We have
$$\vec{v}_{P / \mathcal{I}} = \vec{v}_{A / \mathcal{I}} + \vec{v}_{P / \mathcal{B}} + \vec{\omega}_{\mathcal{B} / \mathcal{I}} \times \vec{r}_{A \to P}$$
where $\mathcal{I}$ is the inertial frame, and $\mathcal{B}$ is a frame attached to line segment $AB$. Note that $\mathcal{B}$ is not rotating in $\mathcal{I}$, so that the last term in the equation above can be ignored.

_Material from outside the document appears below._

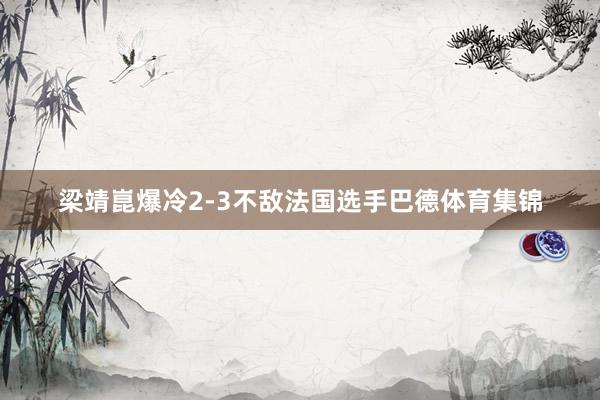 梁靖崑爆冷2-3不敌法国选手巴德体育集锦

The velocity of $A$ in the inertial frame is given; it is $v_x \hat{i}$ (where $\hat{i}$ is aligned with the positive $x$-axis). The velocity of $P$ in the frame $\mathcal{B}$ is also given; it is $-v_\lambda \hat{i}_\mathcal{B}$, where $\hat{i}_\mathcal{B}$ points in the direction from $B$ to $A$. Note that by coordinate transformation, $\hat{i}_\mathcal{B} = \cos \theta \hat{i} + \sin \theta \hat{j}$, where $\theta$ is the angle that $BA$ makes with the horizontal. Thus, in the inertial basis,
$$\vec{v}_{P / \mathcal{I}} = (v_x - v_\lambda \cos \theta) \hat{i} - v_\lambda \sin \theta \hat{j}$$
Since here, $\theta = \frac{\pi}{4}$, we obtain
$$\vec{v}_{P / \mathcal{I}} = \left( v_x - \frac{\sqrt{2}}{2} v_\lambda \right) \hat{i} - \frac{\sqrt{2}}{2} v_\lambda \hat{j}$$